The information theory comment is correct but I’m going to elaborate a little bit with some potentially useful info.
For a binary number with N bits, you can represent 2^N values. Easy example: There are 2^8 = 256 possible values that can be represented by an 8-bit value. You can go the other way, too, and ask “how many bits do I need to represent a given value?” by using some math.
2^N = 256
Log2(2^N) = Log2(256)
N = Log2(256) = Log(256)/Log(2) = 8
And you can use this to figure out how many bits you need to represent an arbitrary number: N = Log2(1000) = Log(1000)/Log(2) = 9.966. That makes intuitive sense because a 10-bit number has 1024 values.
To get to the theoretical limit you’re asking about we do the same thing.
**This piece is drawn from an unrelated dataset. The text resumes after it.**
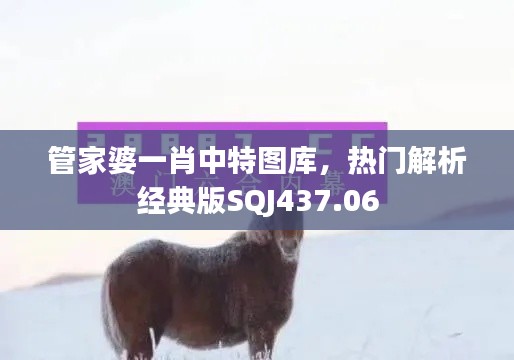 联系我们 第223页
For an arbitrary number x, how many trits do we need to represent it in trinary and how many bits N do we need to represent it in binary? What is the ratio of trits to bits?
x = 3^M and x = 2^N
Log3(x) = M
Log(x) / Log(3) = M
Log2(x) = N
Log(x) / Log(2) = N
And then we can just take that ratio N/M to figure out how many bits N we need to represent M trits:
R = N/M = Log(x)/Log(2) x Log(3)/Log(x) = Log(3)/Log(2)
To be able to reversibly encode an N-trit ternary number into an M-bit binary number, the number of possible N-trit numbers must be less or equal to the number of possible M-bit binary numbers. Otherwise there would be two input ternary numbers that would map to the the same binary number (pigeonhole principle). Which means that 3^N <= 2^M.
you should read it as log₂(3) because logₓ(y)=logₙ(y)/logₙ(x) and it represents the minimal number of bits (yes it's not an integer) required to represents 3 states
In general, in order to a store a thing with N values you need log_2(N) bits of information. This is actually really simple to see if N is a power of two. If you have four things, how many yes/no questions do you need to exactly determine one of the four things? The answer is two (divide the four into two groups of two, ask which group the object is in. Then, when you have that group, split into two groups of one, and ask the next question)[1].
So, for powers of two, it's obviously log_2(N).
Now we just extrapolate. For three things, on average, you need to ask log_2(3) questions. Sometimes you ask just one, sometimes you must ask two (depending on where you split the group). Either way, the formula is the same.
log(3)/log(2) is just a way of writing log_2(3) (since the value of log3/log2 is the same regardless of which base the log is in).
Note that two isn't special. It's only because we've limited ourselves to 'how many yes/no/questions'. If you wanted to know how many multiple choice questions of 3 responses would you need to exactly determine which object of a set of 4, the answer is log_3(4).
[1] You can think of any byte, word, double word, quad word as simply a path in a binary tree of all numbers in the range 0..2^N-1 (where N is bit width). The path uniquely identifies the number.
This is the equation for converting radix. You can lookup optimal radix choice for more, I think?
For fun, consider how much space a base 10 number takes in binary. It takes about 4 bits with slack. Specifically, about 3.32 bits. Which is log(10)/log(2).
Another way to write that number is as the log base 2 of 3. The log base 2 of the number of possible states gives you the number of bits of information in a value chosen from that many possible states; here, a trit has 3 possible states.